What to produce:
Below is a listing with pictures in it; transcribe exactly the lines from the one that has "Angels face chic lilac" through the one that has "Miles de aspenses", and omit those pictures.

Entries supplied:

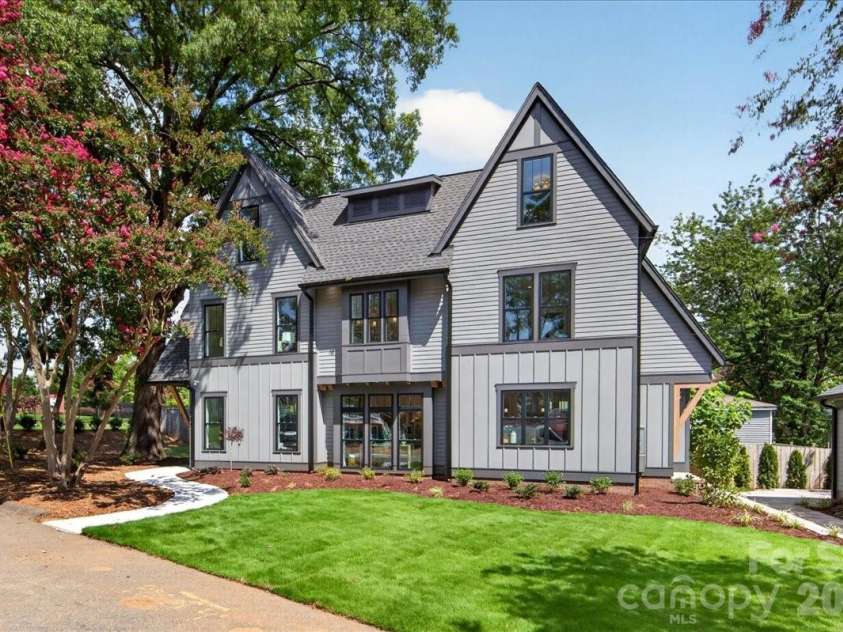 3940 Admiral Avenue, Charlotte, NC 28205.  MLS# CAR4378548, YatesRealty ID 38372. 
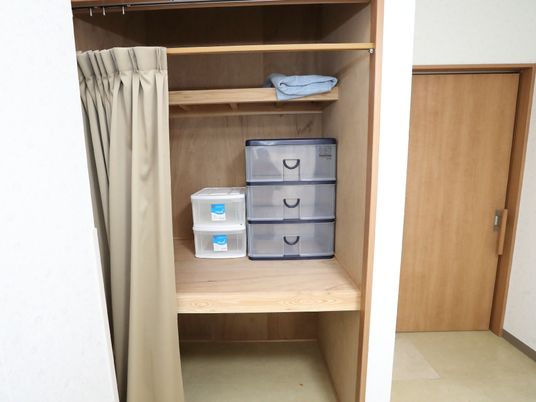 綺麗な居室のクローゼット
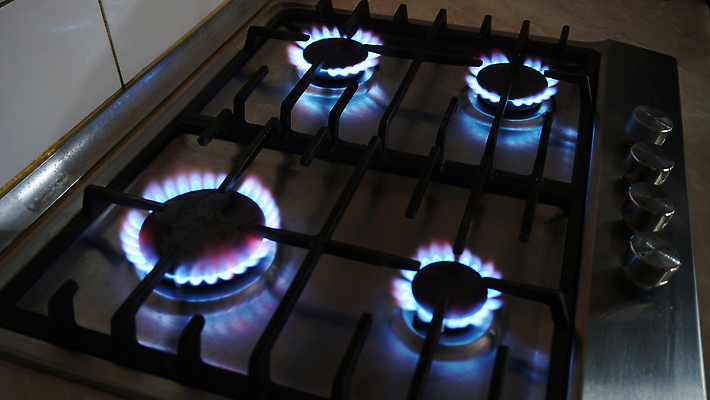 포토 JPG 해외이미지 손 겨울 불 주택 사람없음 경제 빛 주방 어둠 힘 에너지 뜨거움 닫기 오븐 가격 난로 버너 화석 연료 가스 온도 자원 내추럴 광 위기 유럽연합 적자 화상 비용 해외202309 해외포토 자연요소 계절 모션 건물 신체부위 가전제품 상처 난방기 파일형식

* * *

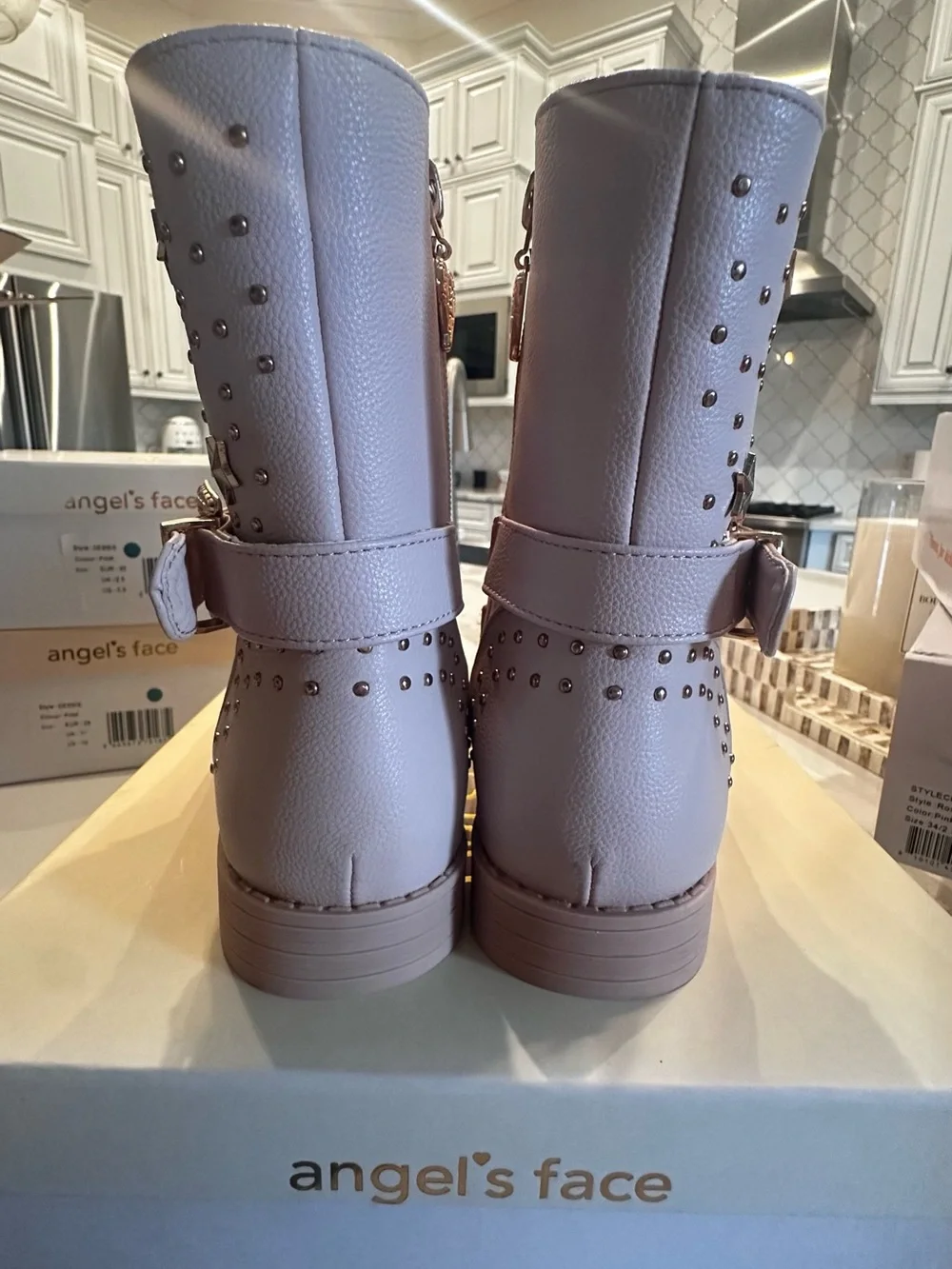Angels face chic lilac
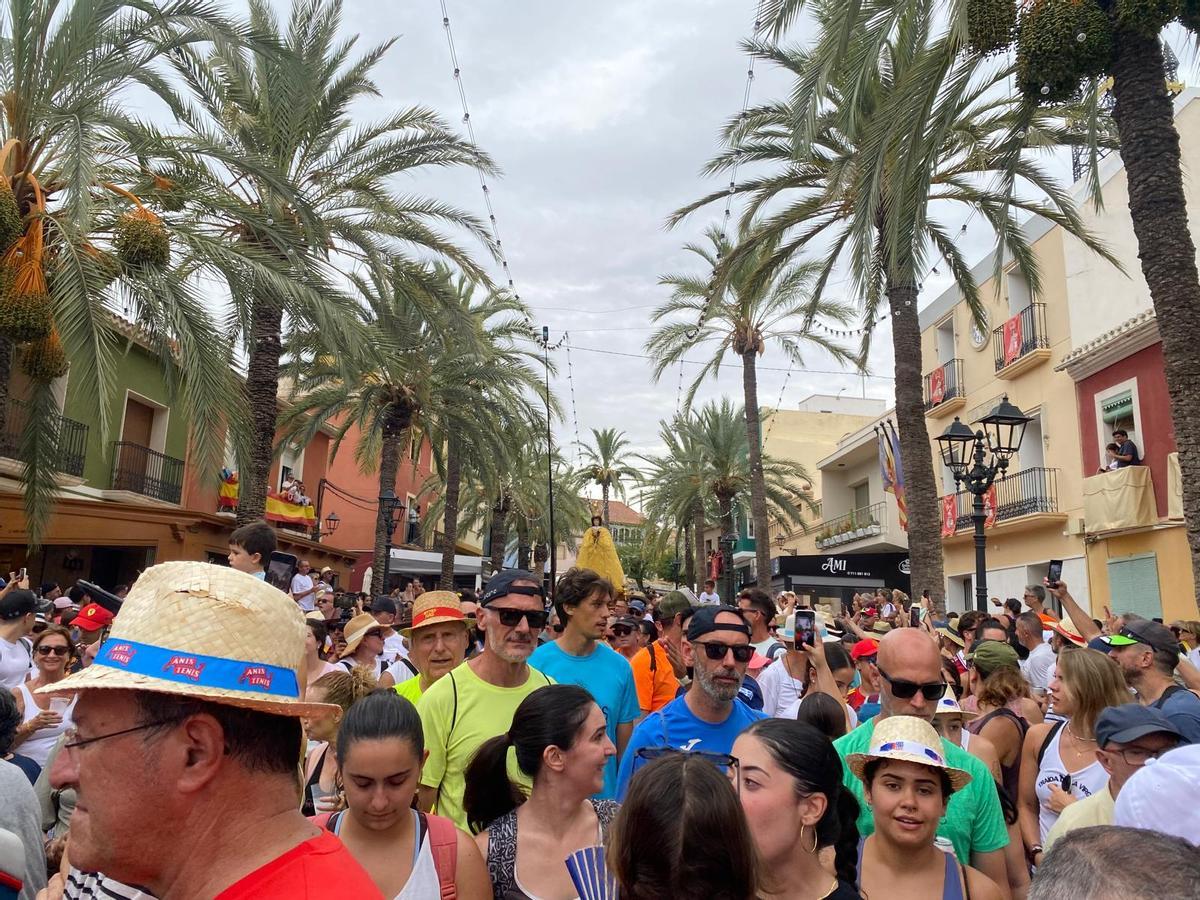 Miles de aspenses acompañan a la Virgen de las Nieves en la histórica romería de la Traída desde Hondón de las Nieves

Task output:
Angels face chic lilac
 Miles de aspenses acompañan a la Virgen de las Nieves en la histórica romería de la Traída desde Hondón de las Nieves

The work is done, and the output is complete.